__YOUR OBJECTIVE__. Retype the lines of the listing below exactly, but only those from the one containing "Read more about" through the last line; pictures stay out.

__DATA__.
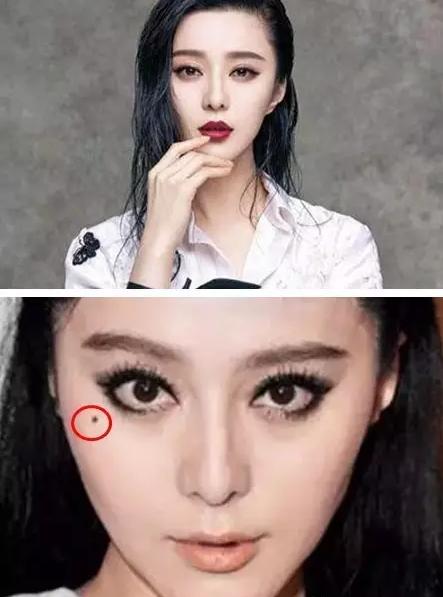 赵丽颖脸部痣,赵丽颖脸上美人痣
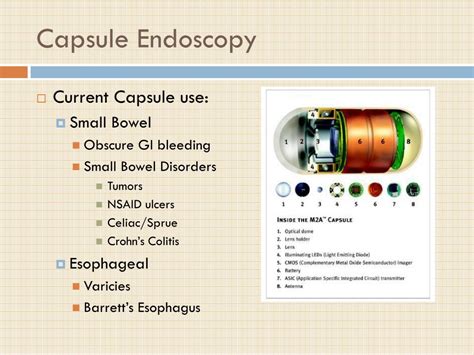 PPT - Capsule Endoscopy PowerPoint Presentation, free download - ID:4521276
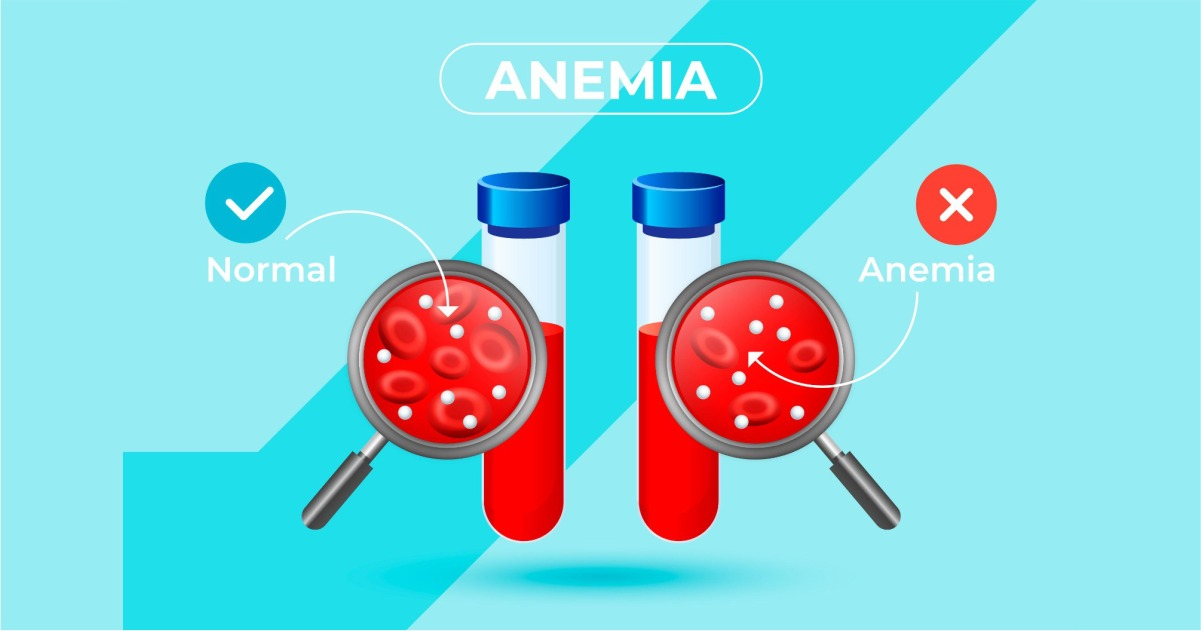 Why Anaemia Is Extremely Common in Indian Women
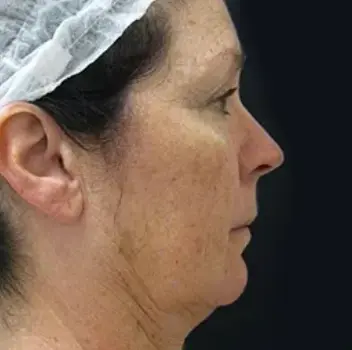 Ultherapy Lift - Before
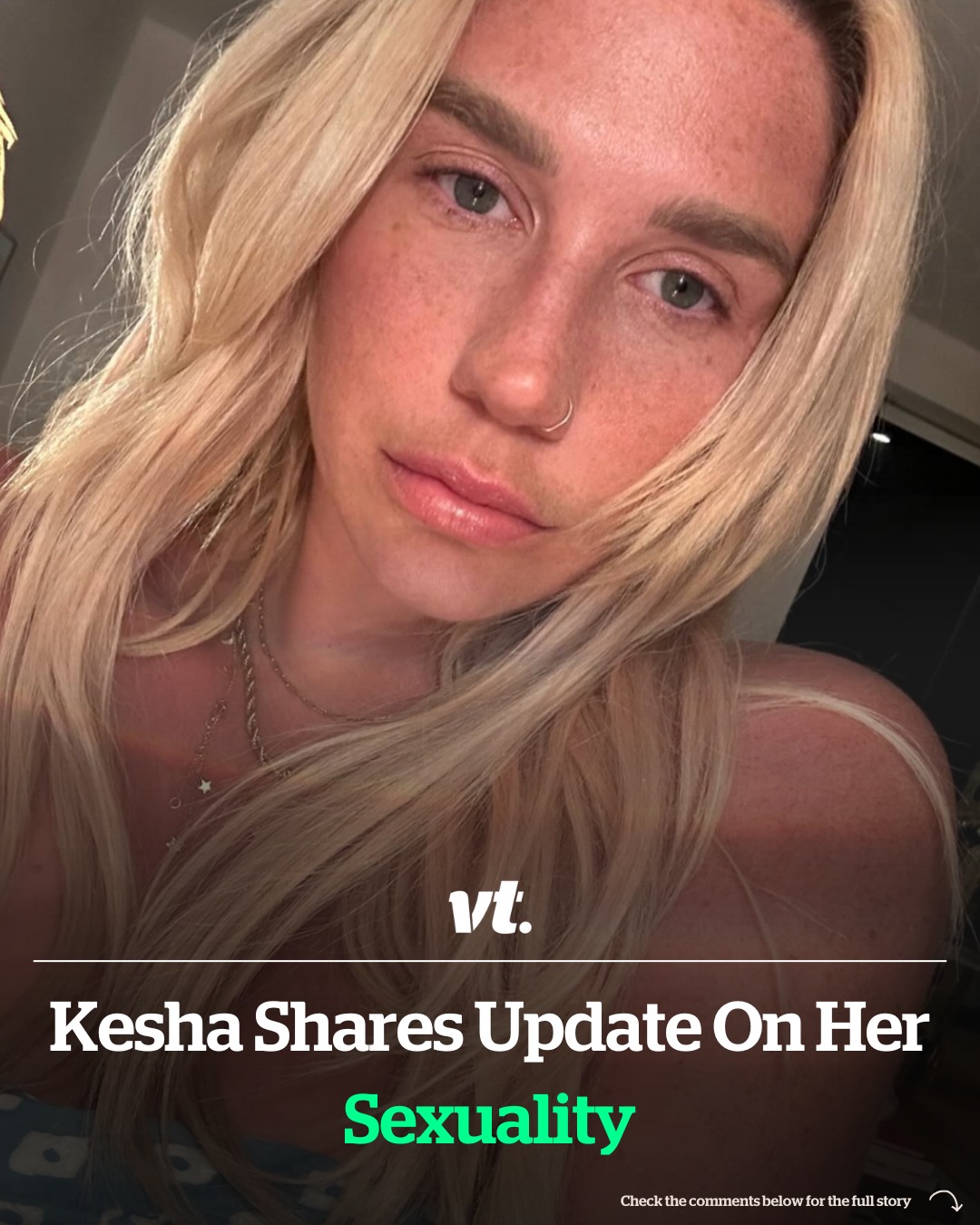 Read more about the article Kesha shares update on her sexuality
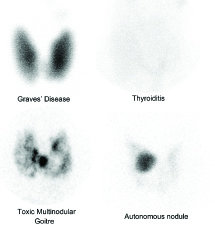 thyroid scan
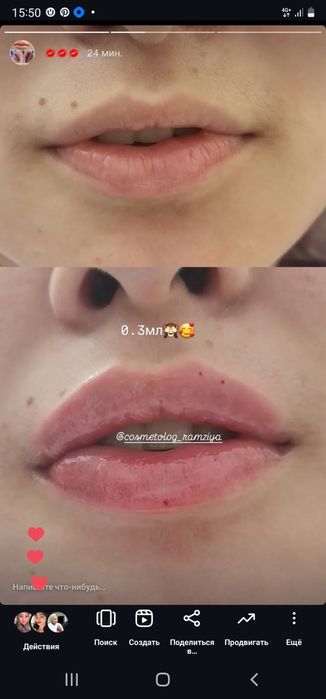 Губки , филлер, ботокс . Качественно!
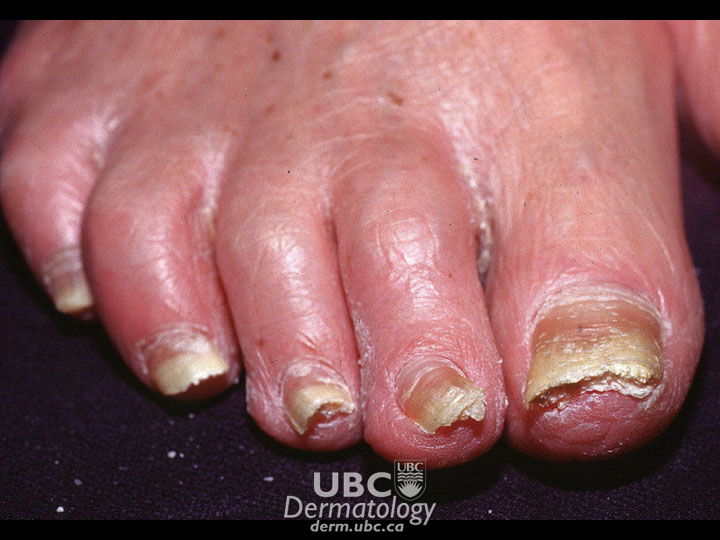 nail disorder-1 psoriasis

__RESPONSE AREA__.
 Read more about the article Kesha shares update on her sexuality
 thyroid scan
 Губки , филлер, ботокс . Качественно!
 nail disorder-1 psoriasis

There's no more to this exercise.